Keywords: HATE; SOCIAL BOND; MASSES; SOCIAL NETWORKS; NEOLIBERALISM
RESUMÉ
Dans cet article, nous entendons discuter de la manière dont les liens sociaux se sont entretenus à l'époque contemporaine, en particulier dans notre pays, surtout lorsque nous constatons que la haine, comme passion d'être, s'est montrée de plus en plus prégnante dans ces liens. Prenant comme point de départ les textes freudiens qui abordent ces questions, comme Le malaise en culture et psychologie des masses et l'analyse de soi, ainsi que les élaborations lacaniennes sur les discours qui soutiennent le lien social, nous cherchons à émettre des hypothèses sur la formation des masses aujourd'hui, dans le domaine de la communication virtuelle assurée par les réseaux sociaux, sous l'hégémonie du néolibéralisme
Mots clés: HAINE; LIEN SOCIAL; MASSE; RÉSEAUX SOCIAUX; NÉOLIBÉRALISME
Os acontecimentos recentes ocorridos na esfera política em nosso país - a destituição de uma presidente democraticamente eleita através de um golpe parlamentar-jurídico-midiático, em meio à exacerbação do discurso do ódio que se disseminou principalmente pelas redes sociais e fomentou um aumento considerável de movimentos de massa, a que se seguiu, dois anos depois, a eleição pelas vias democráticas de um candidato que conduziu sua campanha pautado nesse mesmo discurso - convocam-nos a trazer algumas contribuições da psicanálise para repensar as formas como vêm sendo sustentados os laços sociais entre nós, principalmente quando verificamos que o ódio, como paixão do ser, tem-se mostrado cada vez mais pregnante nesses laços.
Em O mal-estar na cultura (1930/2006), Freud localiza no laço social a principal fonte de sofrimento para os homens. Menciona três importantes fontes de sofrimento que nos atingem: o poder da natureza, a fragilidade de nossos corpos e os laços sociais. Para além do poder de destruição das forças da natureza e da fragilidade de nossos corpos, condenados à decadência, enfatiza que são os laços sociais que nos trazem mais sofrimento, o que lhe causa perplexidade, pois são uma criação nossa. A dificuldade de admitir que as normas criadas por nós mesmos não foram capazes de prevenir esse sofrimento, leva-o a suspeitar que haja algo de inconquistável no laço social, que diz respeito à nossa própria constituição psíquica (Freud, 1930/2006). Como já havia dito em A pulsão e seus destinos (1915/2007), o ódio é uma paixão primária anterior ao amor e "a inclinação para a agressão constitui, no homem, uma disposição pulsional original e autossubsistente, e... é o maior impedimento à civilização" (Freud, 1930/2006, p.144).

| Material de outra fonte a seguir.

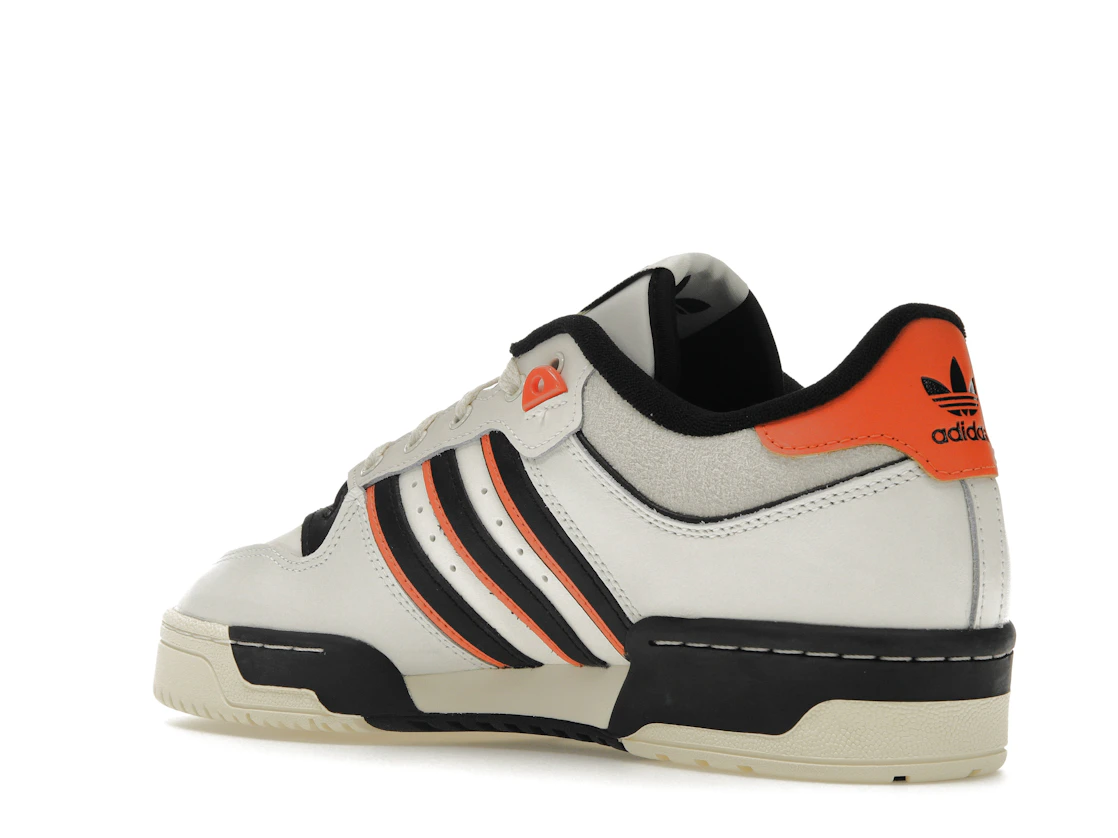 Vue 23 de adidas Rivalry 86 Low White Black Semi Impact Orange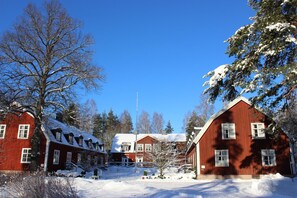 Set amidst a serene winter landscape, this charming hotel offers a warm and inviting atmosphere.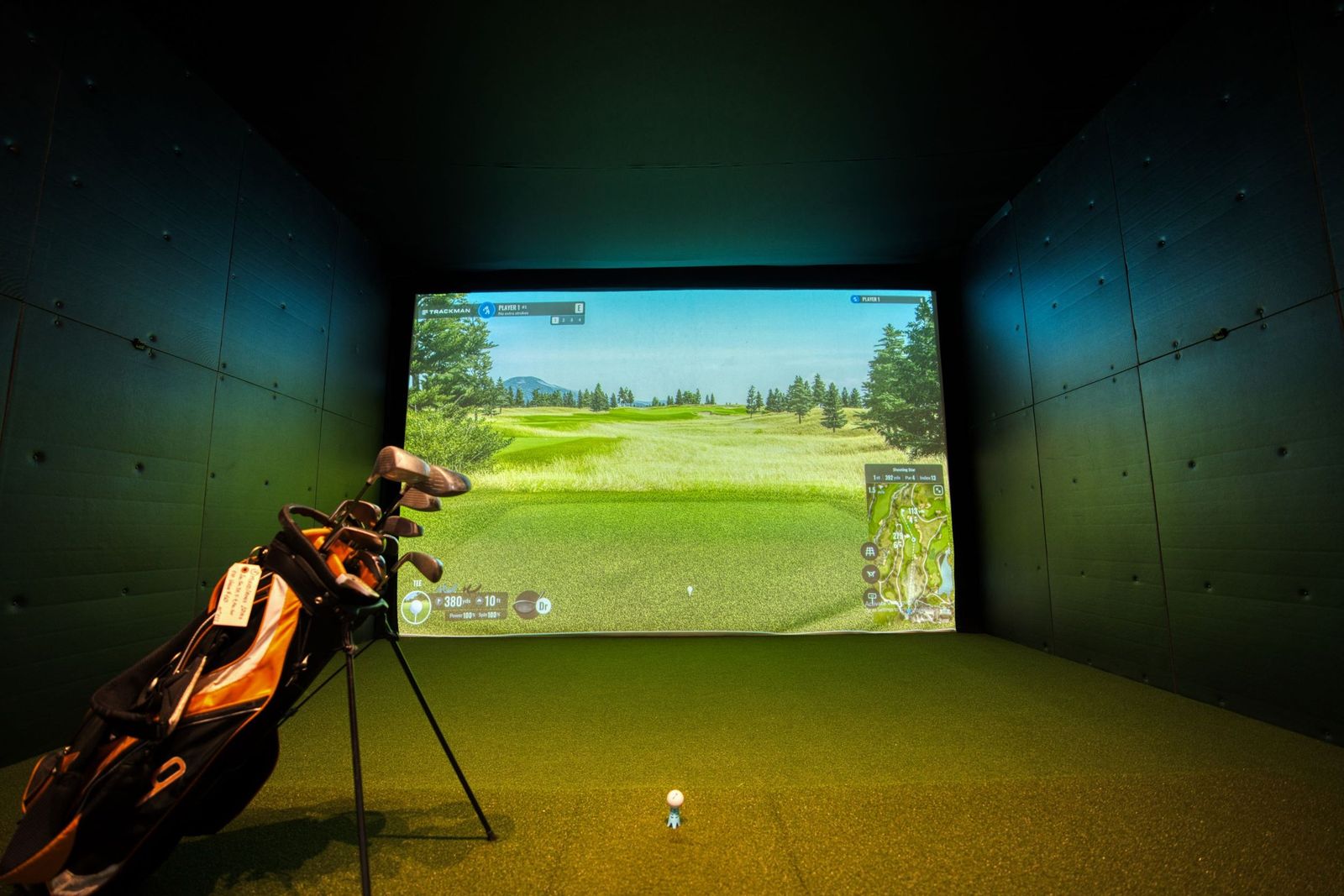 A modern indoor golf simulator room with a projector screen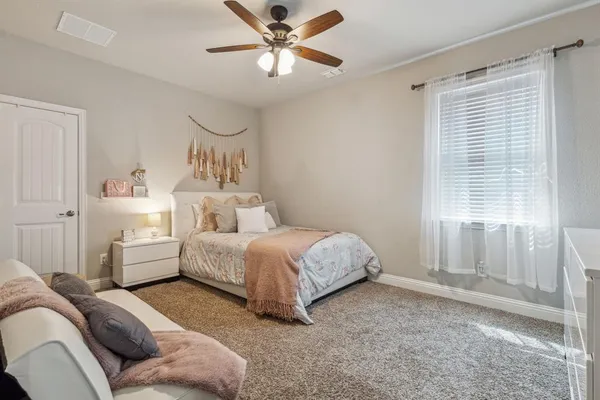 a bed room with a bed and a chandelier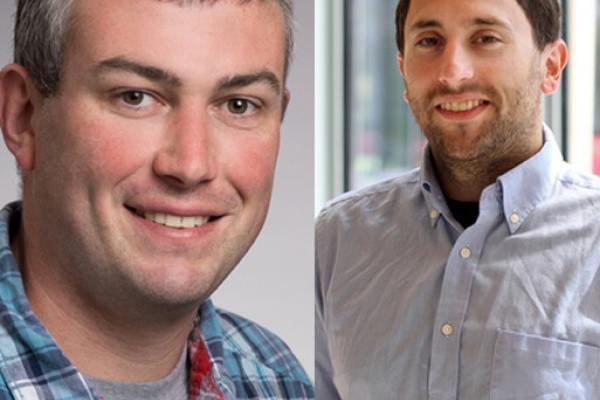 Image of two white men, smiling at the camera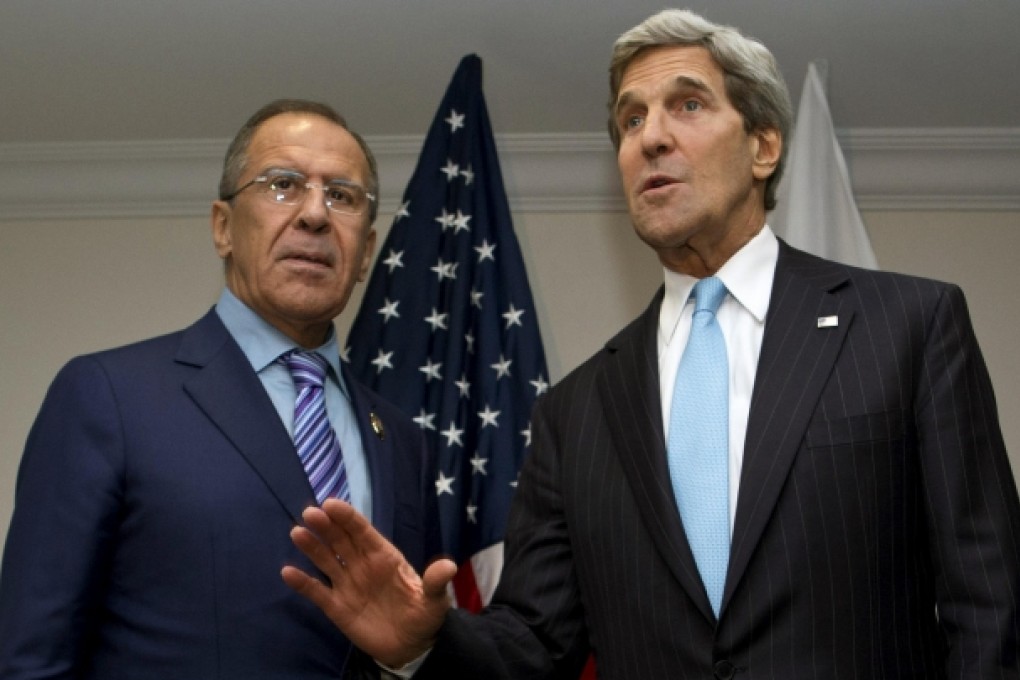 John Kerry (right) deflects a question on Edward Snowden at a news conference with Russian Foreign Minister Sergey Lavrov. Photo: AP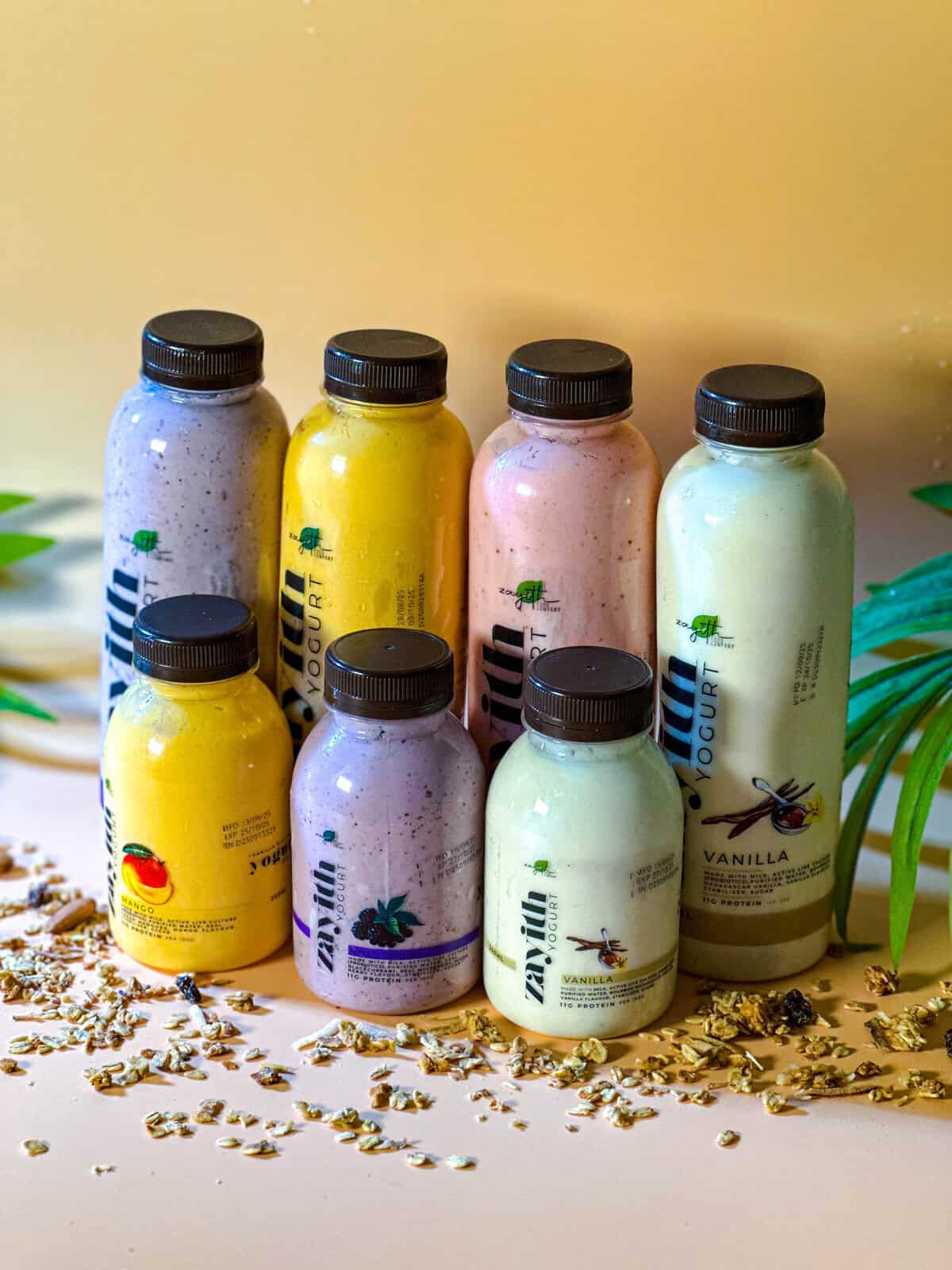 The Zayith yogurt drink range, mango, strawberry, mixed berry and vanilla, standing on scattered granola
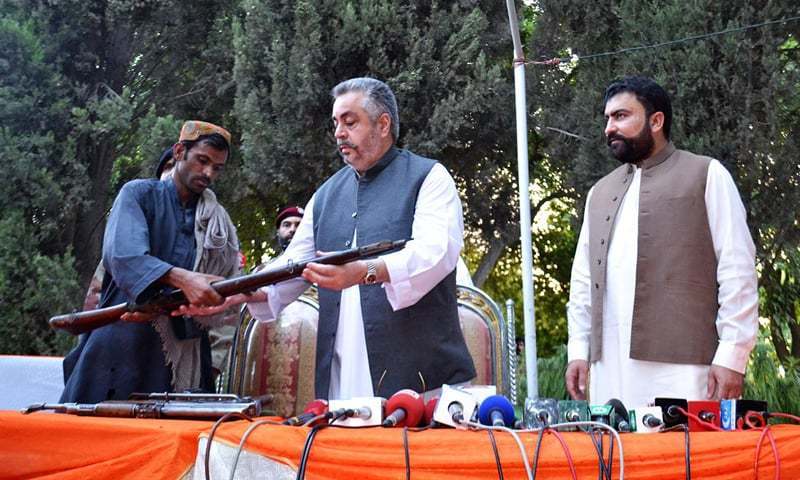 A man belonging to a banned militant group surrenders his arms to Balochistan Irrigation Minister Nawab Jangayz Marri during a press conference Saturday.- Online/File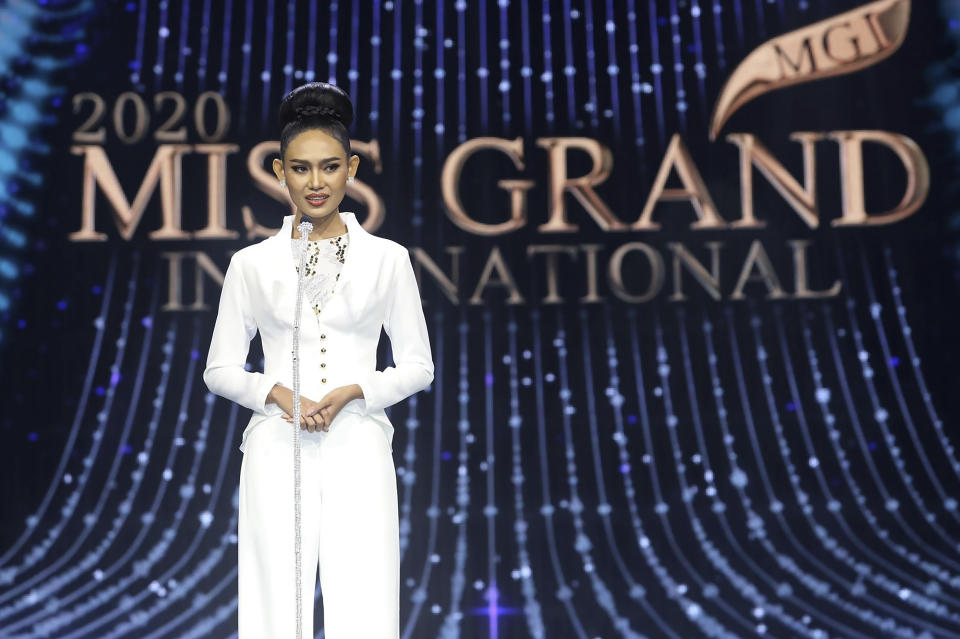 In this photo provided by Miss Grand International, Miss Myanmar, Han Lay, speaks on stage during Miss Grand International contest Saturday, March 27, 2021, in Bangkok, Thailand. The beauty pageant contestant from Myanmar used her brief moment in the spotlight on Saturday night to appeal for international help for her country, on the worst day for bloodshed since the military there staged its coup almost two months ago.(Miss Grand International via AP)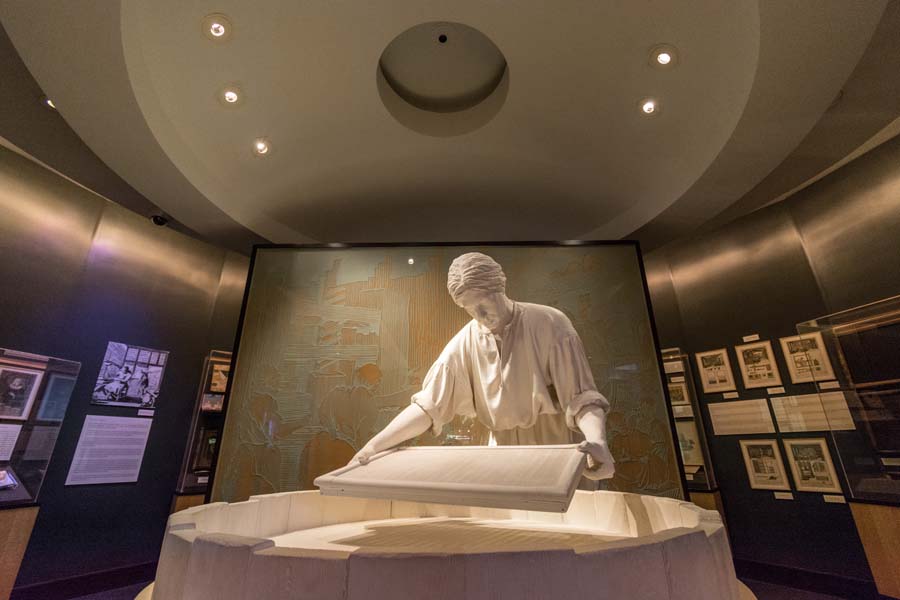 This statue portrays a papermaker using a mold and deckle to make paper.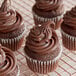 A chocolate cupcake with chocolate frosting on a cooling rack.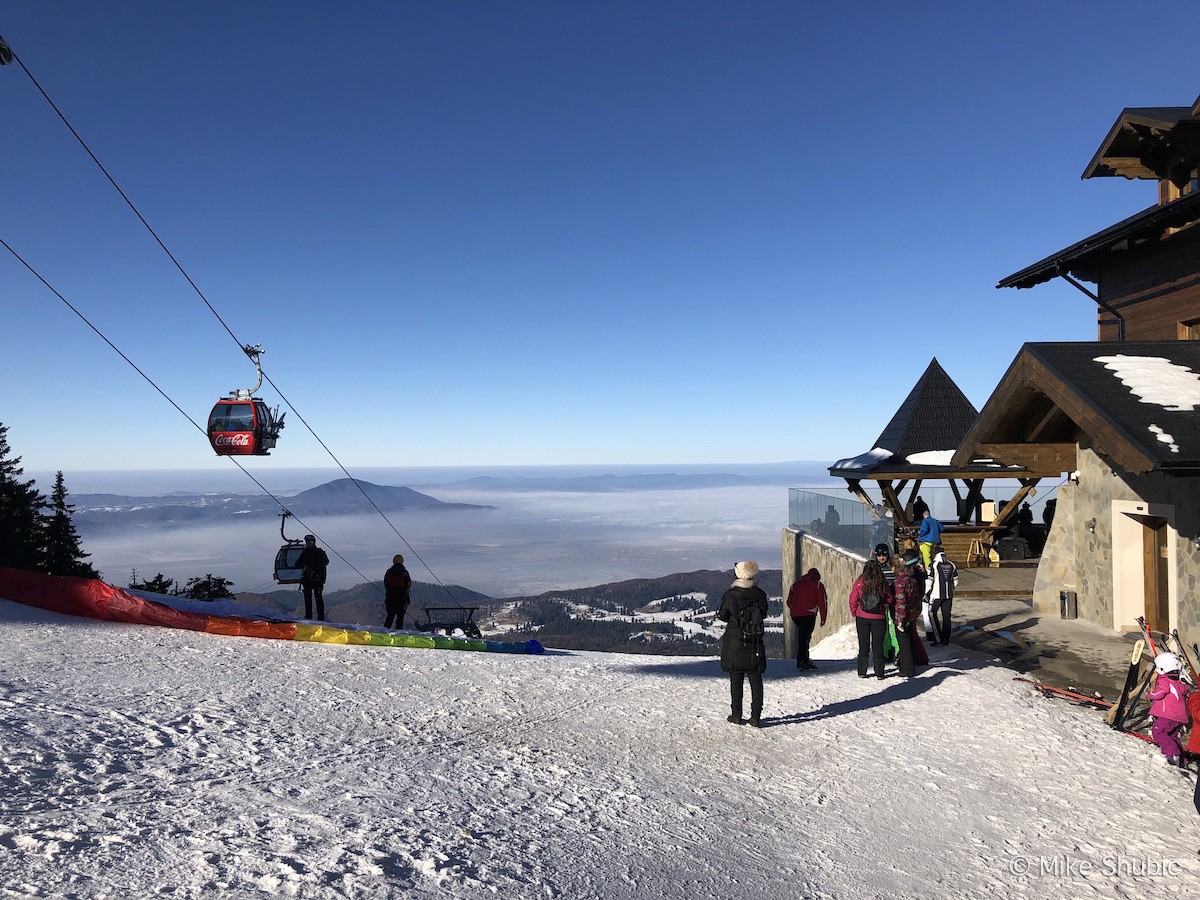 lodge and paraglider atop Poiana Brasov - Photo by: Mike Shubic of MikesRoadTrip.com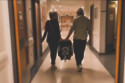 Carley Stenson and Danny Mac leave hospital with their baby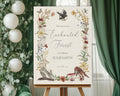 an enchanted 24 x 36 welcome sign with a recycled finish, raven, woodland animals and flora & fauna, on a wooden easel in front of a green curtain next to some greenery with white balloons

Em seu primeiro seminário (1953-54/1986), Lacan refere-se ao ódio como uma das paixões do ser, junto ao amor e à ignorância, articulando-a aos registros através dos quais aborda o psiquismo: real, simbólico e imaginário (RSI). Enquanto o amor está situado na junção entre o simbólico e o imaginário, com o real encoberto, o ódio está justamente na junção entre o real e o imaginário, deixando o simbólico na sombra. A quebra do espelho promovida pelo real desencadeia uma exacerbação do imaginário, uma vez que a destruição do outro é um polo da estrutura do eu. Como afirma, o ódio, enquanto paixão do ser, é uma carreira sem limites e quer a destruição do ser do outro, no sentido do "seu rebaixamento, da sua desorientação, do desvio, da negação detalhada, da sua subversão" (Lacan, 1953-54/1986, p.316).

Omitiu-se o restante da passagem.